Gleich zweimal und zeitgleich kommt dasselbe Klavierkonzert im abgedunkelten Raum zur Aufführung. Überlebensgross gleitet, tanzt oder hämmert die jeweils linke Hand von zwei Konzertpianisten über die Tastatur. Louis Lortie und Jean-Efflam Bavouzet spielen beide Maurice Ravels *Concerto pour la main gauche (1930). Ihre Tempi variieren, wobei die zwei Tonspuren wie in Wellen auseinanderdriften, um sich kurz danach wieder zu treffen.
Jeder Pianist wurde während der gesamten Aufführung von einem Orchester begleitet, in beiden Fällen vom Orchestre National de France. Das bedeutet, dass man die ganze Zeit zwei Pianisten und zwei Orchester hört, also vier Elemente. Auch dieses Zusammenspiel – die Pianostimme und das Orchester – driftet zeitweise durch Tempounterschiede auseinander. Zwischen Einklang und Dissonanz legt die doppelspurige Aufzeichnung verschiedene musikalische Muster frei. In der anhaltenden Virtuosität scheinen Momente von Jazzmusik auf oder ein repetitiver, durch Überlagerung hervorgerufener Klangteppich der Minimal Music, wie Steve Reich oder Philip Glass sie Jahrzehnte nach Ravel komponierten.
Die Qualität von Klang hängt massgeblich von den Eigenschaften des Raumes ab, in dem er gehört wird. So lässt jedes Ambiente Töne mehr oder weniger dumpf oder klar erscheinen. Für Ravel Ravel Interval realisierte Anri Sala einen Raum mit reduzierter Schallreflexion. Dieser ermöglicht es den Besuchenden, sich in der räumlichen Situation zu orientieren und die Intervalle wahrzunehmen. Im fast synchronen Lauf der Pianostimmen, in ihrem Echo und im Hin und Her unserer Aufmerksamkeit gibt uns Anri Sala eine Raumerfahrung wie mit zwei Koordinaten wieder zurück. Der Ton macht hier den Raum.

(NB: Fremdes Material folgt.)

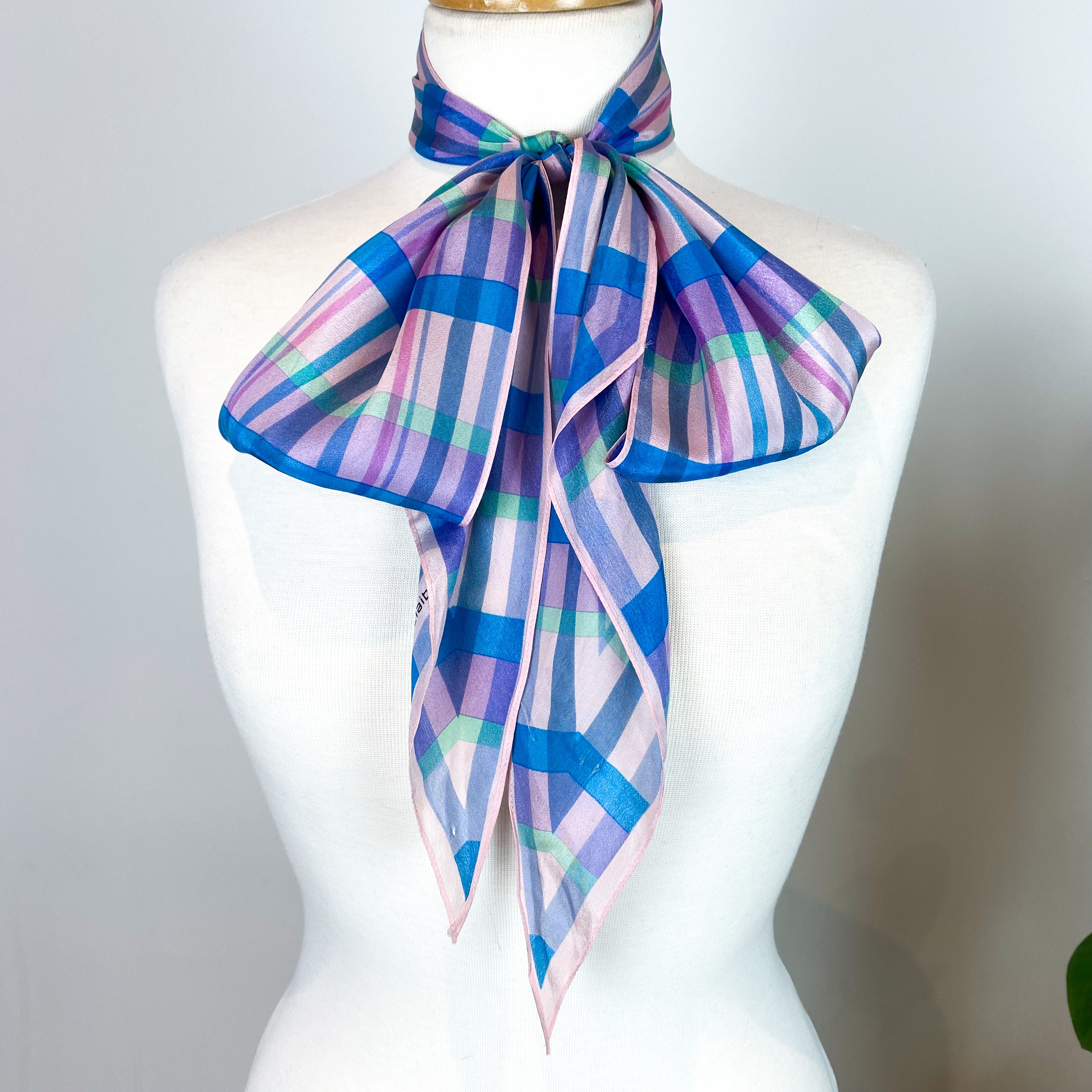 Long Pussy Bow Checked Vintage Silk Scarf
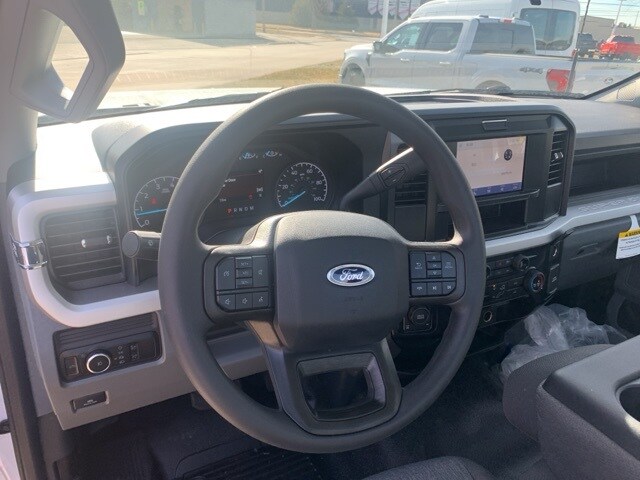2025 Ford F-250 photo 3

Dissonanzen prägten bereits die Entstehungs-geschichte von Concerto pour la main gauche. Maurice Ravel komponierte das Stück 1930 im Auftrag des österreichischen Pianisten Paul Wittgenstein. Dieser hatte im Ersten Weltkrieg seinen rechten Arm verloren und war deshalb auf einhändig spielbare Kompositionen angewiesen. Eigene Adaptionen Wittgensteins bei der Darbietung des neuen Stücks und Ravels Beharren auf einer werkgetreuen Interpretation mündeten im Zerwürfnis.
Ravel Ravel wurde vom Künstler 2013 als französischer Beitrag im deutschen Pavillon an der Biennale von Venedig gezeigt und im selben Jahr von der Emanuel Hoffmann-Stiftung erworben. Ravel Ravel Interval ist eine adaptierte Version, die erstmals 2017/18 im Museo Tamayo in Mexico City präsentiert wurde. Hier entschied sich Sala, die zwei Videos nicht übereinander zu projizieren, sondern auf zwei halbtransparente, hintereinander hängende Leinwände. So überlagern sich die zwei Pianostimmen nicht nur hörbar, sondern werden in dieser Installation auch visuell zum Echo- und Paarlauf.
Anri Sala (*1974, Tirana, Albanien) arbeitet mit den Medien Video, Fotografie und Installation. Seine Werke untersuchen Brüche in Sprache, Syntax und Musik, um Geschichten und Kompositionen zu befragen. Zeitbasiert entwickeln sich seine Narrative auf einem dichten Beziehungsnetz zwischen Klang, Bild und Architektur. Sala lebt und arbeitet in Berlin.